First of all, Breheimen is a very tough area to walk in, significantly tougher than Jotunheimen, one big valley away, and the toughest, but also arguably the most spectacular area since the Narvik mountains. Carved by retreating glaciers thousands of years ago and with Jostedalsbreen (biggest glacier on the European mainland) just on the other side of a deep valley. The ever undulating valleys are connected via snow-field covered passes, steep moraine slopes and plenty of stones, also of the boulder-sized, jumping kind slowing movement down to around 1 km per hour. For me, at least that is: At one point I was passed by three gentlemen, presumably in their 60s, moving with three times the speed of me. I met them twice, first while they overtook me on their way up a mountain a side and again when they came down that same side, me still on my way up..
The terrain was sufficiently challenging that one night, despite being only 850 m from Sprongdalshytta with the cabin in clear view, I still decided to camp on the spot, due to the impending darkness in a very bouldery land shape too risky to walk in the dark, except in an emergency. The arguably hardest ascent of Norge på Langs was also to be found here: Short, but incredibly steep and muddy, right after Arentzbu on the way towards Nørdstedalseter. If more people walked here the trail would simply be eroded away. A bit further on, a quite nasty bridge had to be passed as well, the worst since Cunojávri. To exit the bridge, I had to throw down my backpack and jump down on it.

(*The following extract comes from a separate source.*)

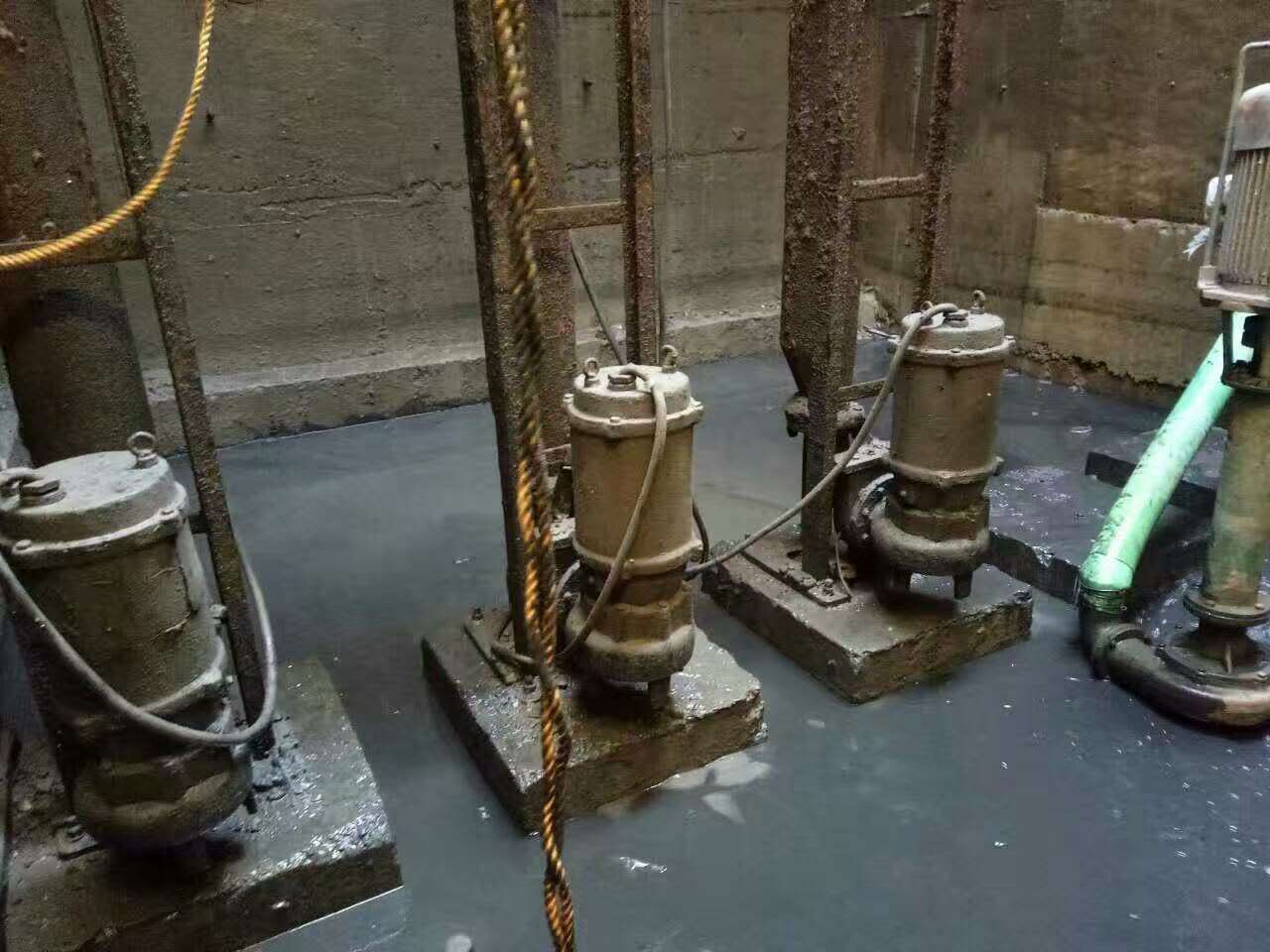 阳谷污水池清理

At this time of the year, I could have crossed the glacial river on foot. However, the staff at Nørdstedalseter cabin told of hikers having turned around at that bridge earlier in the summer, as waters were too high to cross the glacial river and they could not get onto the bridge. Apparently a stone was missing, they said. Anyway, upon their request I mailed them pictures of the bridge and they would then contact DNT about the issue.
The section Sota Sæter-Sprongdalshytta-Arentzbu-Nørdstedalseter was the toughest section since Knivskjellodden, where I furthermore managed to pick the wrong trail descending towards Nørdstedalseter: Trails made by sheep and trails made by humans look surprisingly alike. But more than 50 meters without a T-sign in this area should make you suspicious and often the sheep trail turn into vertical rock climbing.

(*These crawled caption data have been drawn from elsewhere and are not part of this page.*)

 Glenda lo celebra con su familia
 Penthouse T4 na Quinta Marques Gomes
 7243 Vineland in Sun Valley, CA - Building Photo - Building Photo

In summary, Breheimen is a tough, tough, but also extremely spectacular and very underrated area. I had days of clear skies and optimal conditions in the beginning of September, and I was all alone on the trail, only crossing two people on this section. However entering Breheimen also means entering the area with easy resupply options via self-supplied DNT cabins, which will last until the mountains end, eliminating the need to carry more than food for 2-3 days at a time
Lesson learnt #9: In September with the beginning of sub-zero temperatures, the snowfields get incredibly icy and, at times, impossible to ascend. I met two guys carrying both crampons and ice axes and initially thought that a bit excessive. However, they were on the right track. Next time I´ll bring microspikes at least.
Dream trip #7: a) Exploring the area around Slæom, possibly with packraft. b) Walking the direct route between Nørdstedalseter and Sognefjellshytta passing the infamous stony area around Illvatnet. c) Walking on the edge of Breheimen including the area around the Fast DNT cabin.